Özlem ÖZAĞAÇ
25.04.2023
Bir İlk Kitap: ONUNCU AY
Edebiyat sevdalıları birbirlerini mutlaka bulur. Kendilerinden değil; yazılardan, kitaplardan ve yeni planlardan konuşurlar. Ayla Burçin Kahraman ile bir okur grubunun temsilcisi olarak tanıştım ve birlikte neler yapabileceğimiz üzerine konuştuk. Sonrasında kitabını okudum. Kendisi ile ilerleyen zamanlarda keyifli bir sohbet gerçekleştireceğiz lâkin şimdi, kitapla iç içeyken size bunları yazmak istedim.
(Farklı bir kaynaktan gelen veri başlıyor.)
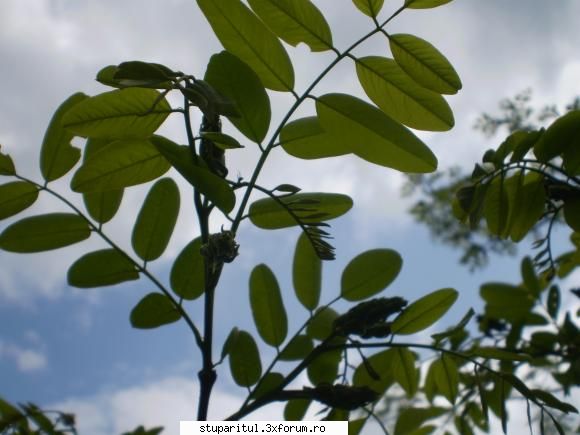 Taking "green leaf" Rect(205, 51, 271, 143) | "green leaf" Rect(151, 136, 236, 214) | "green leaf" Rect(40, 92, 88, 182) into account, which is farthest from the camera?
"green leaf" Rect(40, 92, 88, 182)

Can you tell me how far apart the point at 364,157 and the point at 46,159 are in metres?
0.48

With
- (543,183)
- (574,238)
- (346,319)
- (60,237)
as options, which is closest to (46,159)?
(60,237)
“Onuncu Ay” Ocak 2023’te çıkmış tazecik bir kitap. On yedi öyküden oluşuyor. Kitap, adını içindeki bir öyküden alıyor. İçindekiler bölümüne bakınca öyküler başlıklarıyla dikkat çekiyor. “Gaip”, “Issız Tarlada Bir Siyeç”, “İjala’nın Paşası”, “Dilsiz Uşak”, “Bozuk Saatin Zembereği”… Öykülerin adları, okuru özenle hazırlanmış bir yolculuğa çağrı gibi.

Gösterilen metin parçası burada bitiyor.